Zack
Zack

Reputation: 179

Why can't my two docker containers communicate even though they are both responding seperatly?

I know this question has been asked in various ways already, but so far none of the existing answers seem to work as they all reference docker-compose which I'm already using.

I'm trying to start a multi-container service (locally for now). One is a web frontend container running flask and exposing port 5000 (labeled 'web_page' in my docker-compose file). The other container is a text generation model (labeled "model" in my docker-compose file).

Here is my docker-compose.yml file:

version: '3'
services:
  web_page:
    build: ./web_app
    ports:
      - "5000:5000"
  model:
    build: ./gpt-2-cloud-run
    ports:
      - "8080:8080"

After I run docker-compose up and I use a browser (or postman) and go to 0.0.0.0:5000 or 0.0.0.0:8080 I get back a response and it shows exactly what I expect to get back. So both services are up and running and responding on the correct ip/port. But when I click "submit" on the web_page to send the request to the 'model" I get a connection error even though both ip/ports are responding if I test them.

If I run the 'model' container as a stand alone container and just start up the web_page app NOT in a container it works fine. When I put BOTH in containers the web_page immediately gives me

requests.exceptions.ConnectionError

Within the web_page.py code is:

requests.post('http://0.0.0.0:8080',json={'length': 100, 'temperature': 0.85,"prefix":question})

which goes out to that IP with the payload and receives the response back. Again, this works fine when the 'model' is running in a container and has port 8080:8080 mapped.
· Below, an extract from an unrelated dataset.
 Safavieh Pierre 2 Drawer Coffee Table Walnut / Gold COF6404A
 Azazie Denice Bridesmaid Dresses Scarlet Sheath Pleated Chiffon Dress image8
When the web_page is running in the container it can't reach the model endpoint for some reason. Why would this be and how could I fix it?

Upvotes: 1

Views: 1469

Answers (2)

Zack
Zack

Reputation: 179

Elements of the other answers are correct but there are a couple points that are missing or were assumed in the other answers but not were not made explicit.
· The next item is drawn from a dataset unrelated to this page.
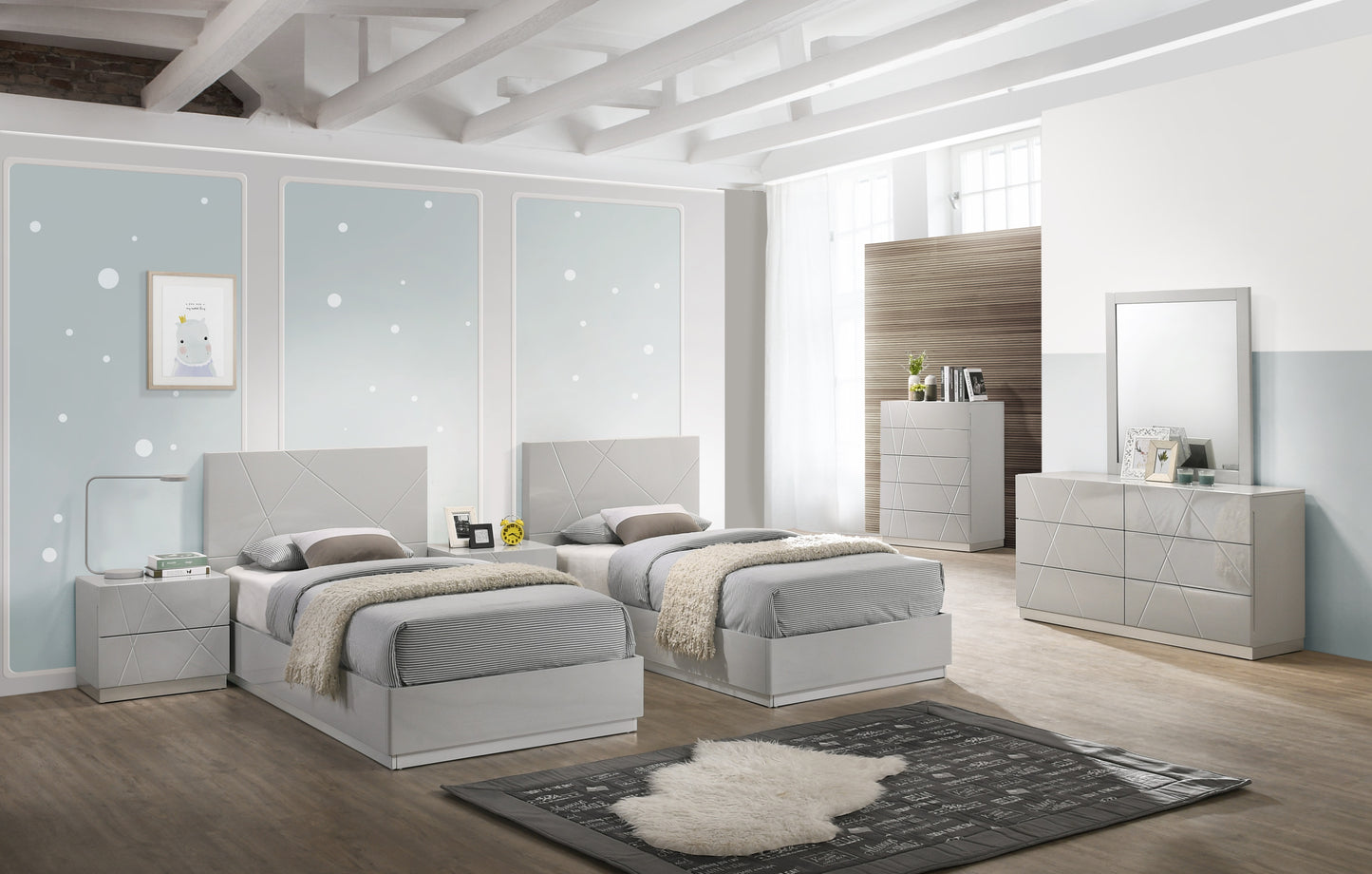 J&M Furniture Naples Grey T Bed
  1. According to the docker documentation the default bridge network created will NOT provide dns resolution to the image name; only to ip addresses of other containers https://docs.docker.com/network/bridge/#differences-between-user-defined-bridges-and-the-default-bridge

So, my final compose file was:

version: '3'
services:
  web_page:
    build: ./web_app
    ports:
      - "5000:5000"
    networks: 
      - bot-net
    depends_on:
      - model

  model:
    image: sports_int_bot_api_model
    networks: 
      - bot-net

networks:
  bot-net:
    external: true

After I created a 'bot-net' network first on the CLI. I don't know that that is necessarily what has to be done, perhaps you can create a non-default bridge network in the docker-compose file as well. But it does seem, that you cannot use the default bridge network created and resolve an image name (per the docs)
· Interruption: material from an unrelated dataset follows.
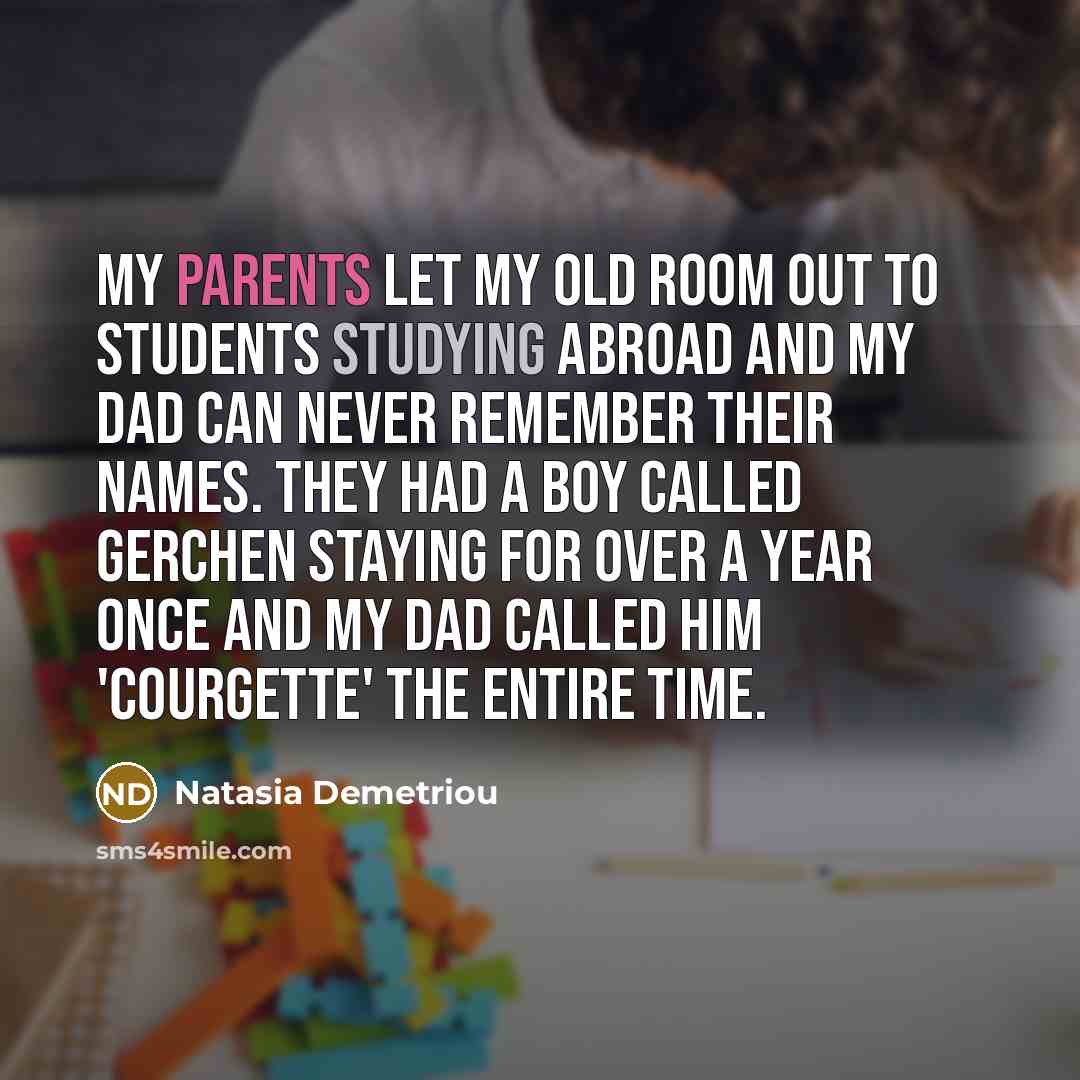 “My parents let my old room out to students studying…” quote by Natasia Demetriou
  1. The final endpoint that I pointed to is:

    'http://model:8080'

I suppose this was alluded too in the other answers but they omitted the need to include the 'http' section. This also is not shown in the docs, where they use the name of the image in-place of http as in the docker example they use postgres://db:5432 https://docs.docker.com/compose/networking/

Upvotes: 0

Rahul
Rahul

Reputation: 29

Looks like you're using the default network that gets spun up by docker-compose (so it'll be named something like <directory-name_default>). If you switch your base URL for the requests to the host name of the backend docker container (so model rather than 0.0.0.0), your requests should be able to succeed. Environment variables are good here.

Btw incase you weren't aware you don't need to expose the backend application if you only ever intend on it being access by the frontend one. They both sit in the same docker network so they'll be able to talk to one another.